Saturday, June 25, 2016

Carrot Curry Soup

Here is another super simple soup.

1 cup chopped onion
2 Tbsp olive oil
1 tsp garlic minced (or 1 fresh clove garlic)
1 square curry or 1 Tbsp curry powder
4 cups vegetable broth
2 lbs carrots, pealed and sliced
1/2 cup half and half, or canned milk
In a skillet  heat oil and add onion, and garlic, and cook until onions are translucent and slightly brown.  Put onion mixture, curry, broth, and carrots into a crock pot.  Cook on low for 6+ hours or on high for 4 hrs.  With a slotted spoon, scoop the carrots and onions into a blender.  Add half and half, or milk. Blend, adding enough of the remaining broth that the mixture blends thoroughly and is the desired consistency.

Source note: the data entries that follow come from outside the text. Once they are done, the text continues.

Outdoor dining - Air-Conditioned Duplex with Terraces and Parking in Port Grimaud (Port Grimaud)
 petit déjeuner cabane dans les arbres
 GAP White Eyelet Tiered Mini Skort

Serve with your favorite bread

For a middle-eastern variation, use coconut milk instead of half and half.   Serve with naan or focaccia bread

For a low-fat vegan variation, omit the olive oil (instead spray skillet with your favorite cooking spray) and the half and half.  Serve with a vegan whole wheat bread.

I can imagine, if I were entertaining, making both the fresh pea soup, and this soup, offering a variety of artisan bread, and using the colors to make quite a pretty table.